- [Records provided]:
#####

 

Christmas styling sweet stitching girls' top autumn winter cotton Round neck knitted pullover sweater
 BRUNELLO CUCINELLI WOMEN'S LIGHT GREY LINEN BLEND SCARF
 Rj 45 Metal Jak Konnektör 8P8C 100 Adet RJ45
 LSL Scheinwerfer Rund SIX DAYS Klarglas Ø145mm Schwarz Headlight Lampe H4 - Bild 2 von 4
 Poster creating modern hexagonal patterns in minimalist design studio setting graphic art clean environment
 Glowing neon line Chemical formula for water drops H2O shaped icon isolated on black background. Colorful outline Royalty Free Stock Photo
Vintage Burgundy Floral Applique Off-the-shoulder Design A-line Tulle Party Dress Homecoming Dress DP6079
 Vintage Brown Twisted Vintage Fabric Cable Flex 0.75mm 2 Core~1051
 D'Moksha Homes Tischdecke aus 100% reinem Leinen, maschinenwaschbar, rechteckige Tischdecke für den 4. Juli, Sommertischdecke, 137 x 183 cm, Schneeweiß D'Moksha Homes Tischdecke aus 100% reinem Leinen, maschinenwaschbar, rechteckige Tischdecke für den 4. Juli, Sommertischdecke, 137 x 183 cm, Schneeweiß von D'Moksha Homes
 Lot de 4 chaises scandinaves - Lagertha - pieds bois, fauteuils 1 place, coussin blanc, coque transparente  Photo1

#####

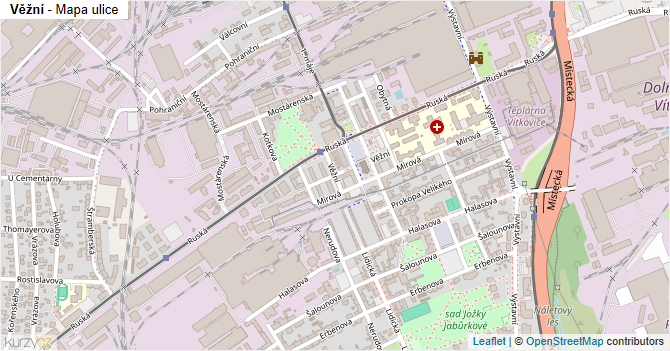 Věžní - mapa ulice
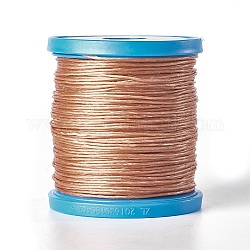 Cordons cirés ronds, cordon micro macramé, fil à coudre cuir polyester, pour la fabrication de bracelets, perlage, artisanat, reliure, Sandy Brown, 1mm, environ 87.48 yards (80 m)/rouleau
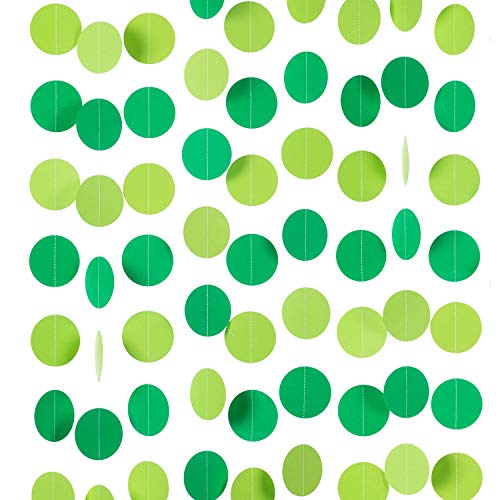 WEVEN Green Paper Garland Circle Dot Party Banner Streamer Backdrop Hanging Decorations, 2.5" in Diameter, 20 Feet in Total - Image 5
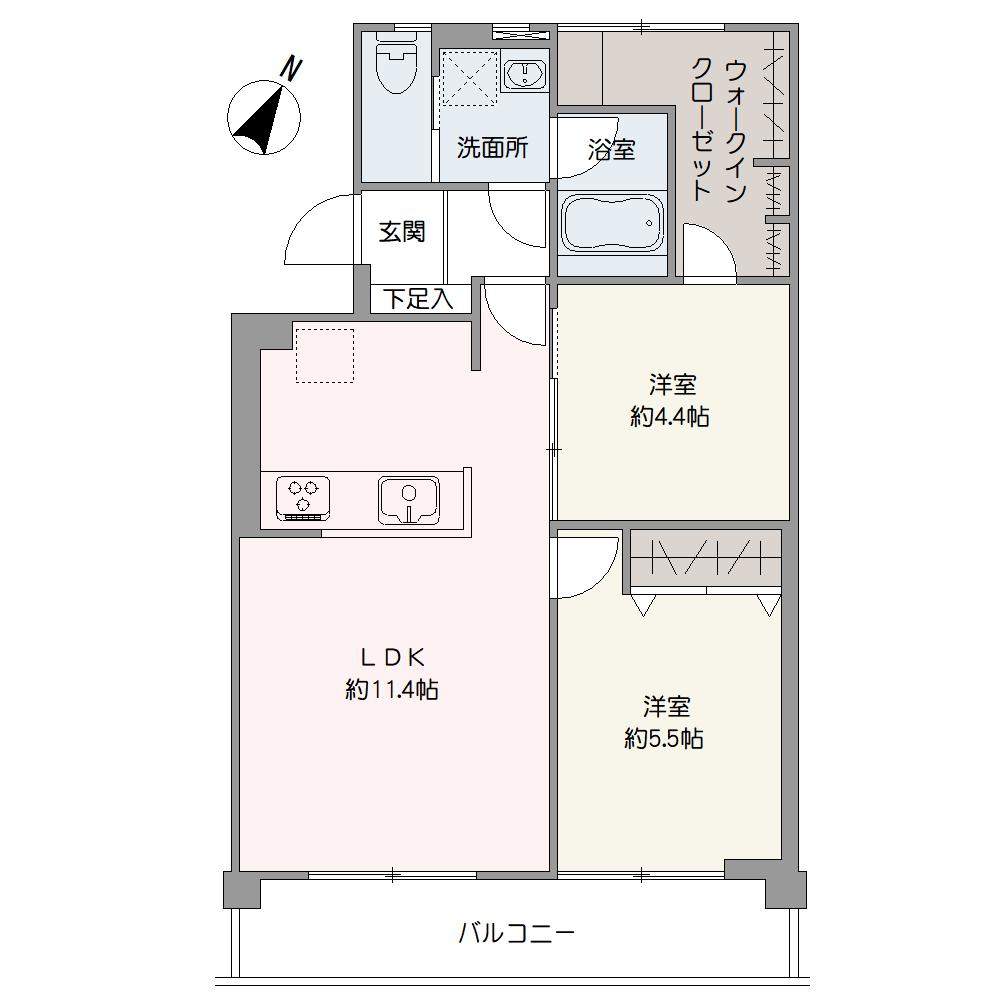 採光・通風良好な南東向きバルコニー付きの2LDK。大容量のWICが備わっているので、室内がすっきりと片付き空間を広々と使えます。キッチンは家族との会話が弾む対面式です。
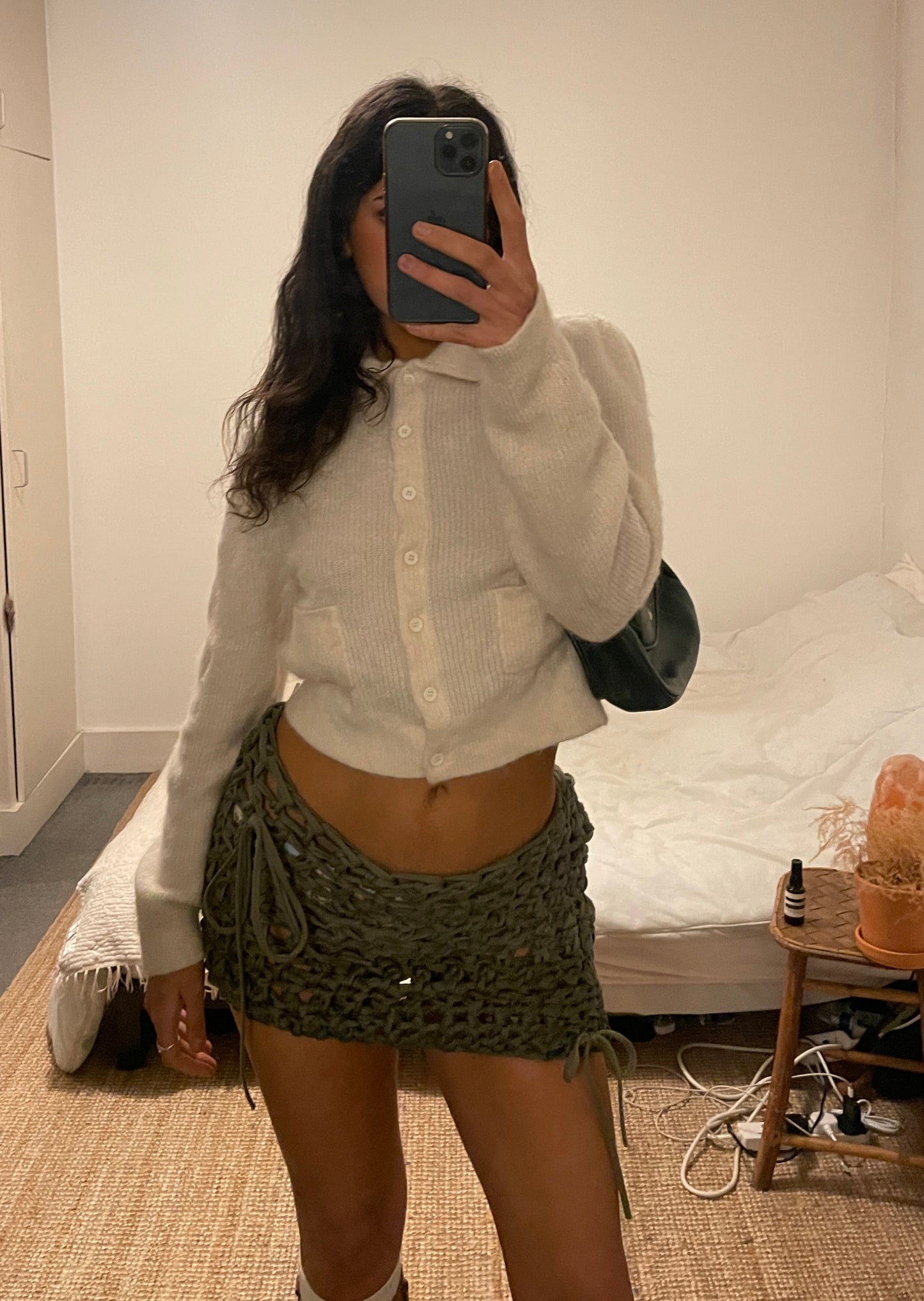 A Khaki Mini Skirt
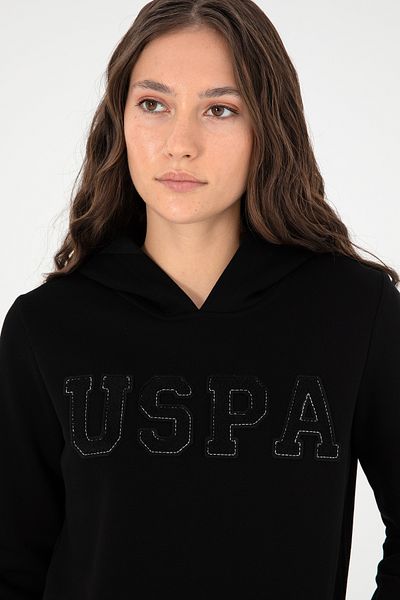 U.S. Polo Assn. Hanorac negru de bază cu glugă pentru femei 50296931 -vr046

#####

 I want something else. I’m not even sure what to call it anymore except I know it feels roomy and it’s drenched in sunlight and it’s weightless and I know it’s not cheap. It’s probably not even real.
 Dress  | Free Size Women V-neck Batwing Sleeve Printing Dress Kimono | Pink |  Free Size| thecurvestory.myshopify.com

#####

- [What is required]:
When you reach the line holding "Christmas styling sweet" in the records above, begin reproducing exactly, stop after the line holding "Glowing neon line", and output nothing else.

- [Task response]:
Christmas styling sweet stitching girls' top autumn winter cotton Round neck knitted pullover sweater
 BRUNELLO CUCINELLI WOMEN'S LIGHT GREY LINEN BLEND SCARF
 Rj 45 Metal Jak Konnektör 8P8C 100 Adet RJ45
 LSL Scheinwerfer Rund SIX DAYS Klarglas Ø145mm Schwarz Headlight Lampe H4 - Bild 2 von 4
 Poster creating modern hexagonal patterns in minimalist design studio setting graphic art clean environment
 Glowing neon line Chemical formula for water drops H2O shaped icon isolated on black background. Colorful outline Royalty Free Stock Photo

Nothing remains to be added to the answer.